Astute readers may have noticed that the Nebari benchmarks claimed to be similar in performance to SQLite even post-sync changes. This is true on many metrics, but it's not an apples-to-apples comparison, and the difference is the primary reason BonsaiDb slowed down.

SQLite has many approaches to persistence, but let's look at the journaled version as it's fairly straightforward. When using a journal, SQLite creates a file that contains information needed to undo the changes its about to make to the database file. To ensure a consistent state that can be recovered after a power outage at any point in this process, it must make at least two fsync calls.

Nebari gets away with one fsync operation due to its append-only nature. However, the moment you use the Roots type, there's one more fsync operation: the transaction log. Thus, Nebari isn't actually faster than SQLite when a transaction log is used, which is a requirement for multi-tree transactions.

This is further exacerbated by Nebari's Multi-Reader, Single-Writer model of transactions. If two threads are trying to write to the same tree, one will begin its transaction and finish it while the other has to wait patiently for the lock on the tree to be released.

This two-step sync method combined with contention over a few collections is what caused the Commerce Benchmark to grind to a halt after fsync was actually doing real work. Individual worker threads would back up waiting for their turn to modify a collection.

Nebari's architecture was designed in October, and I spent countless hours profiling and testing its performance. Due to the aforementioned issues with my methodology, so many of my performance assumptions were flat out wrong.

What's next?

It's clear from these results that whatever solution is picked for BonsaiDb, it needs to support a way to allow multiple transactions to proceed at the same time. This is a much tougher problem to solve, and I'm uncertain I want to tackle this problem myself.

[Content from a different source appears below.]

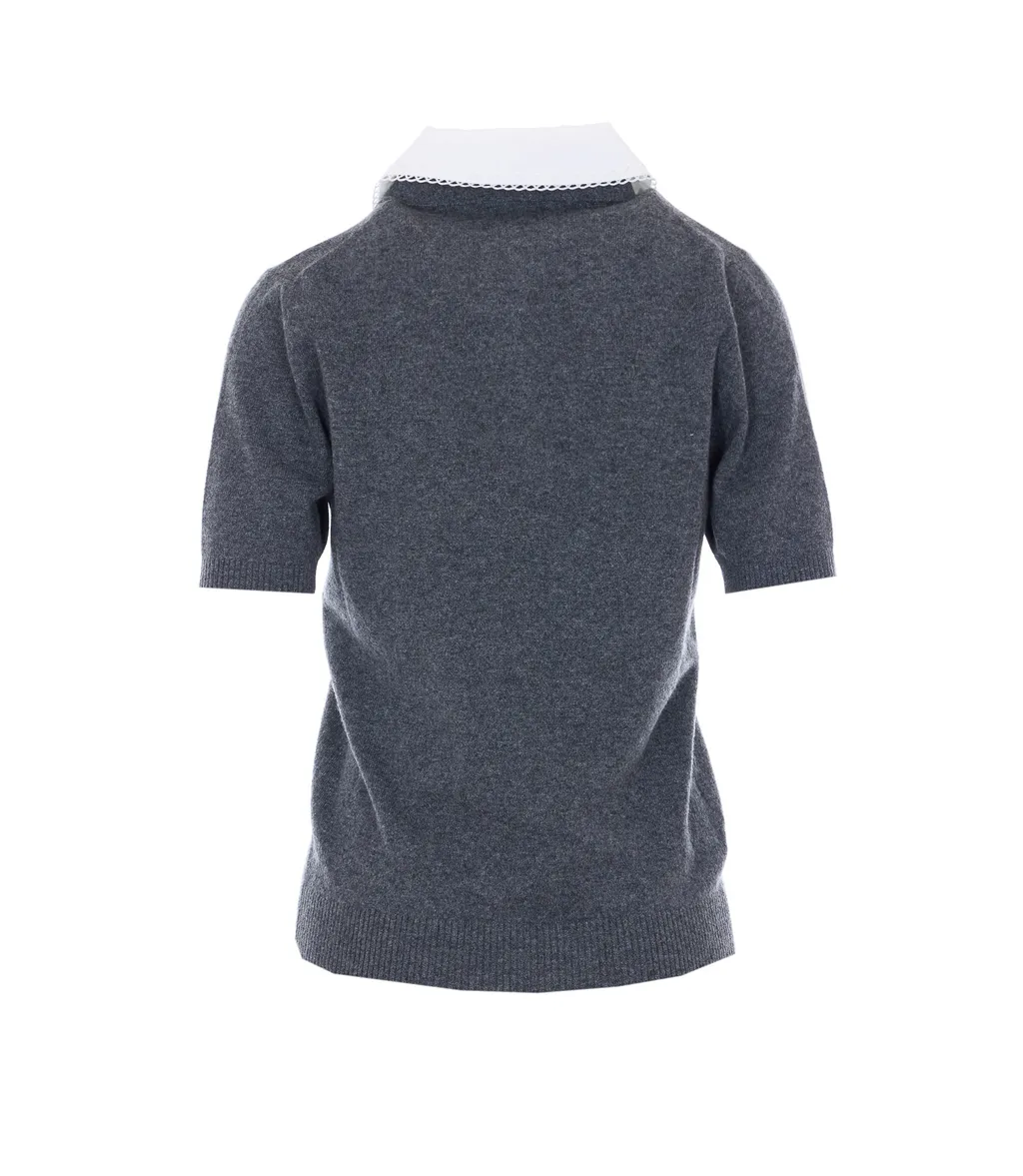 Cashmere Polo With Embroidered Poplin Collar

For the longest time, I developed BonsaiDb with minimal "advertising." Imposter syndrome prevented me from sharing it for most of 2021. Over the alpha period, I finally started feeling confidence in its reliability. Now, I'm back to questioning whether I should attempt a new version of Nebari.

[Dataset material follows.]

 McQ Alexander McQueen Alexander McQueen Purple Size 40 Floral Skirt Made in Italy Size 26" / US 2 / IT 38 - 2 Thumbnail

On one hand, seeing that Nebari is still pretty fast after fixing this bug should prove to me that I can write a fast database. On the other hand, I'm so embarrassed I didn't notice these issues earlier, and it's demoralizing to think of all the time spent building upon mistaken assumptions. Nebari will also need to transition to a more complex architecture, which makes it lose some of the appeal I had for it.

The only thing I can say with confidence right now is that I still firmly believe in my vision of BonsaiDb, regardless of what storage layer powers it. I will figure out my plans soon so that existing users aren't left in a lurch for too long.

Lastly, I just want to say thank you to everyone who has supported me through this journey. Despite the recent stress, BonsaiDb and Nebari have been fun and rewarding projects to build.